*TASK BRIEF*. Print only the lines from the one with "图片[5]-1917 Old photo" through the end of the data, exactly, and please omit pictures.
──────── INFORMATION GIVEN
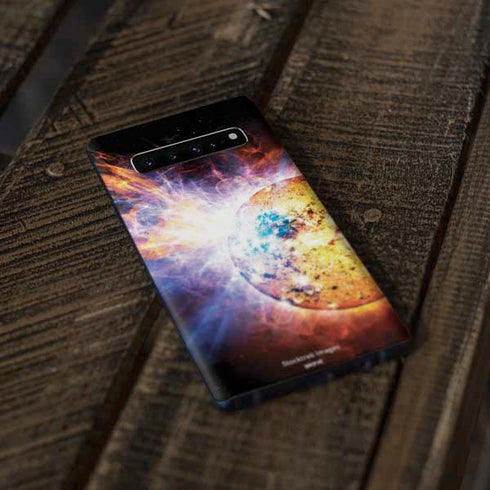 StockTrek Galaxy S10 Skin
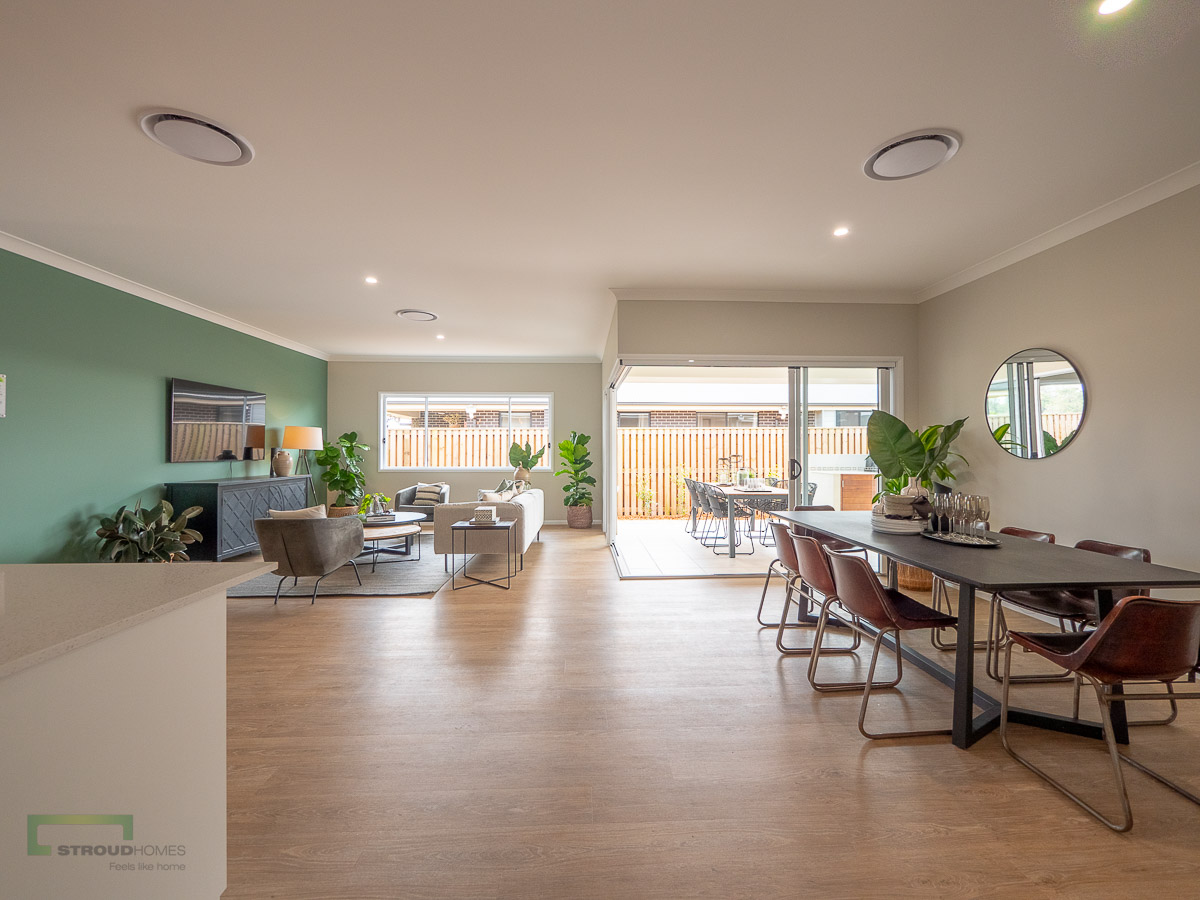 Inverell by Stroud Homes Dining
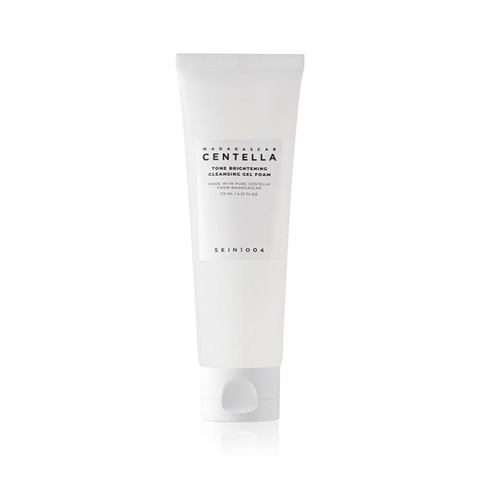 Sữa rửa mặt Skin1004 Madagascar Centella Tone Brightening Cleansing Gel Foam 125ml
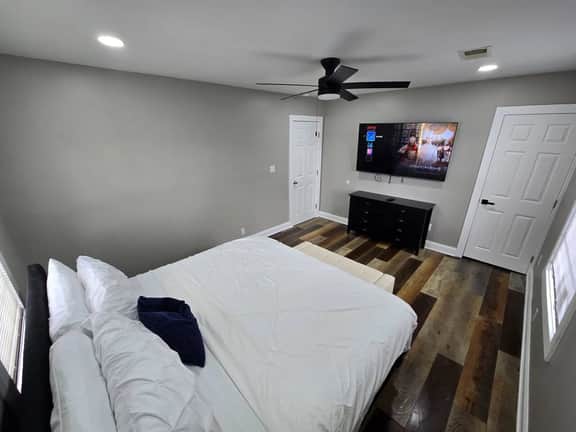 Silver Double Suites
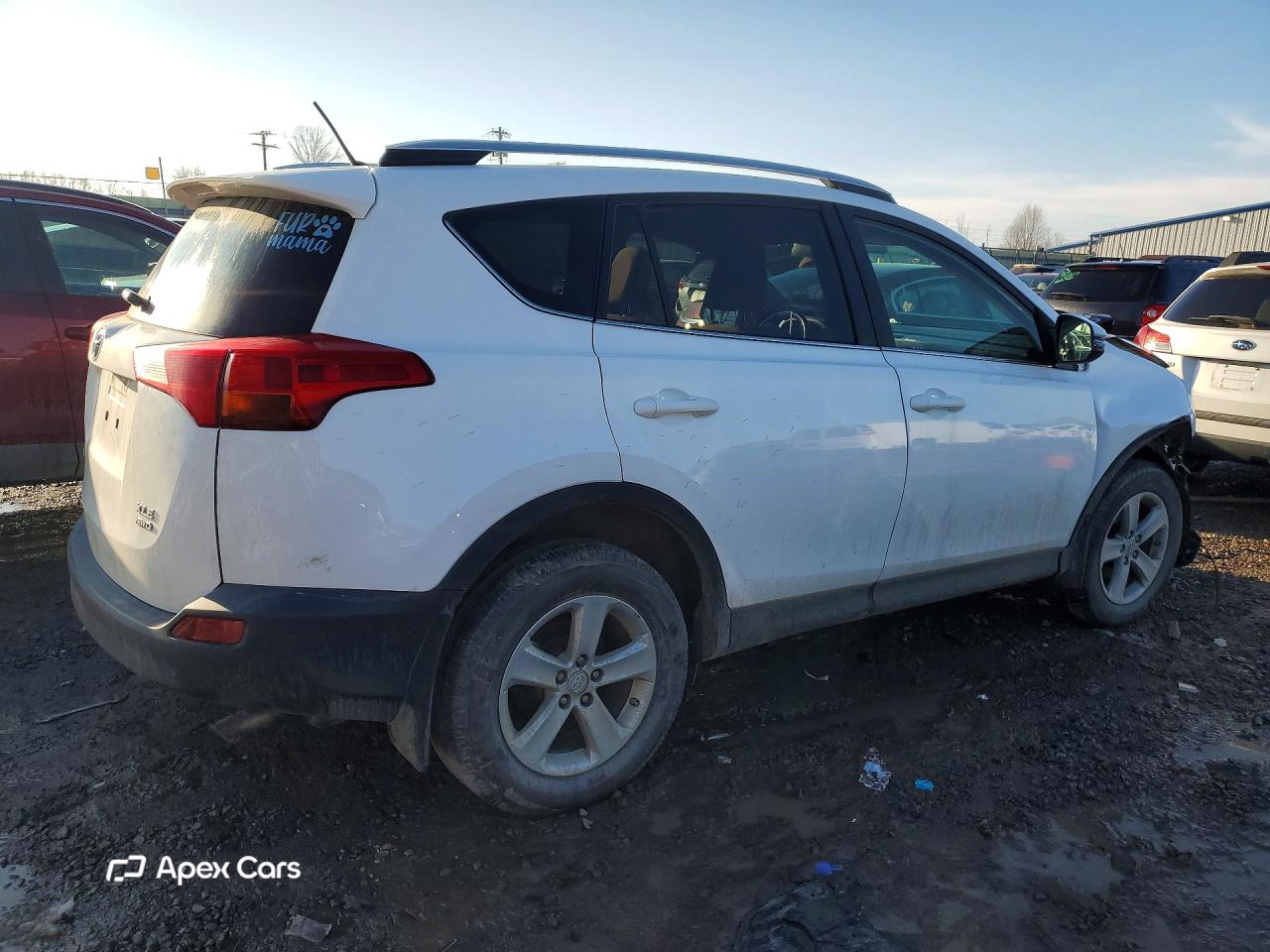 Toyota RAV 4 2013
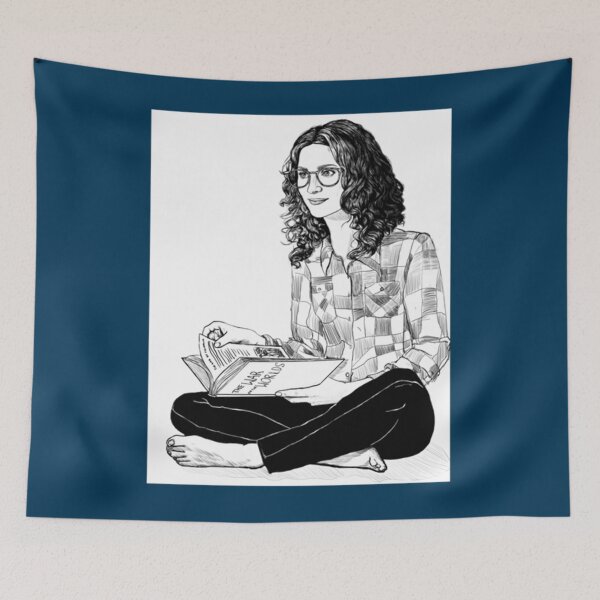 Item preview, and one day Myka could read The War of the Worlds and smile designed and sold by JuliedErickson.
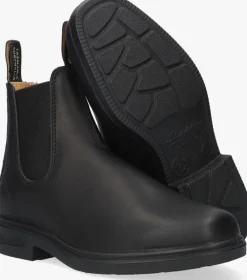 zwarte blundstone chelsea boots dress boot dames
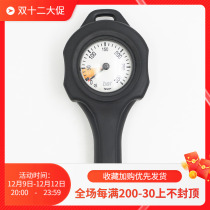 Italian Diving Pressure Gauge Scuba Diving SPG Gas Meter Residual Pressure Gauge Color Bimeter Triple Table Depth Table
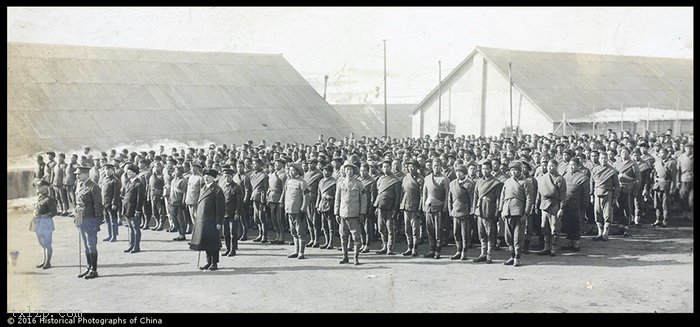 图片[5]-1917 Old photo of Weihai, Shandong by William Cooper-China Archive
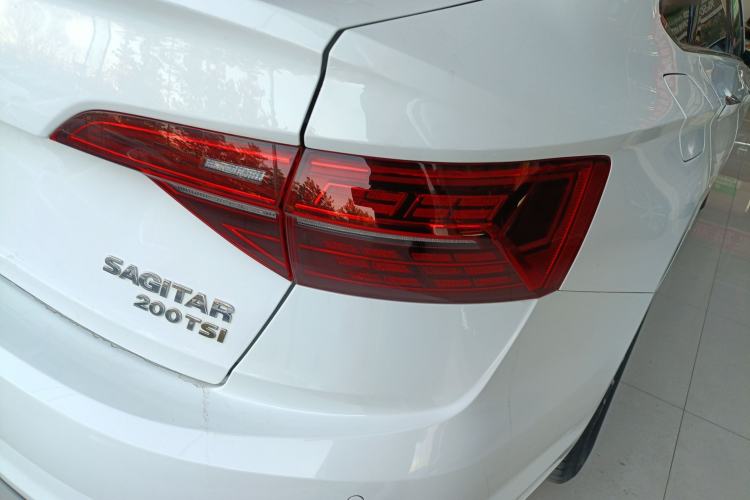 Used Volkswagen Sagitar 2020 200TSI DSG Comfort Version China VI Standard
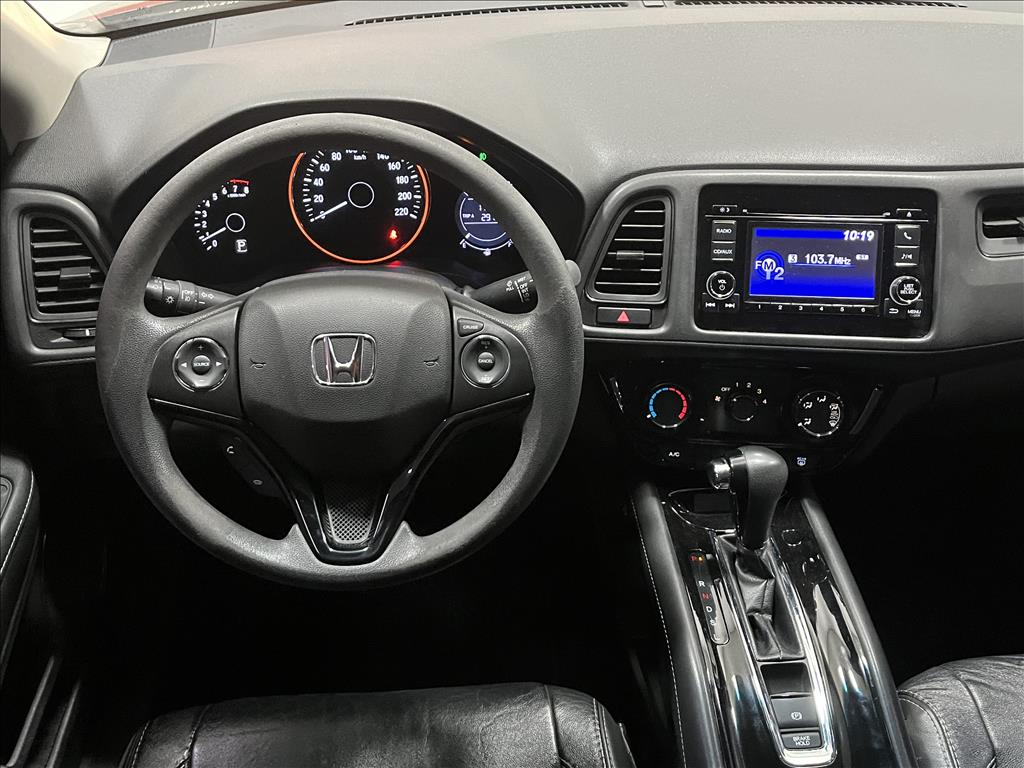 HR-V 1.8 16V FLEX LX 4P AUTOMÁTICO6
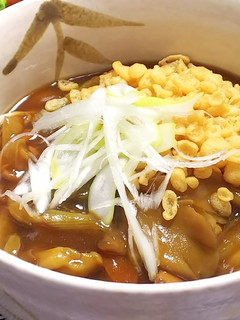 鶏と まいたけ のカレーうどん-レシピのメイン写真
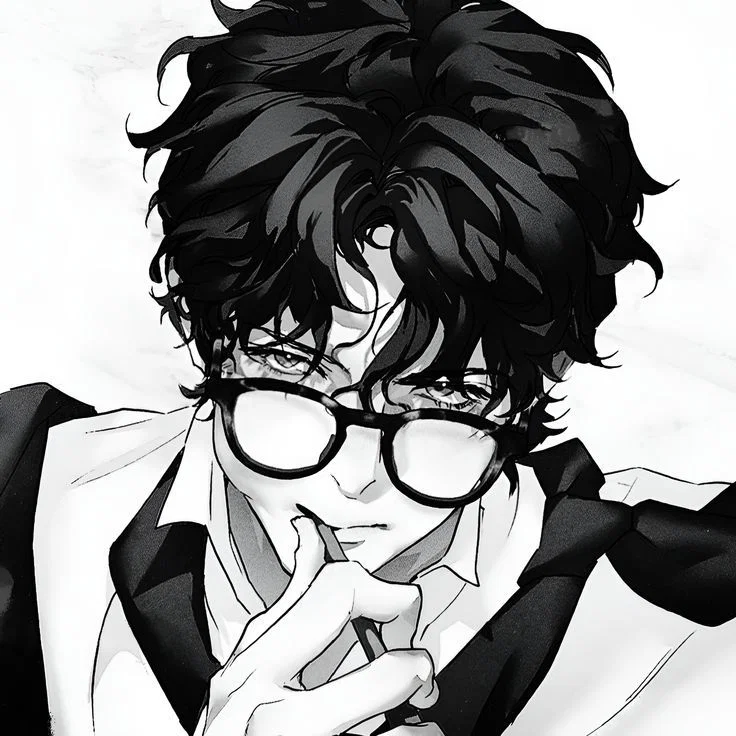 Dannie《School nerd》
────────────────
*REPLY*.
 图片[5]-1917 Old photo of Weihai, Shandong by William Cooper-China Archive
 Used Volkswagen Sagitar 2020 200TSI DSG Comfort Version China VI Standard
 HR-V 1.8 16V FLEX LX 4P AUTOMÁTICO6
 鶏と まいたけ のカレーうどん-レシピのメイン写真
 Dannie《School nerd》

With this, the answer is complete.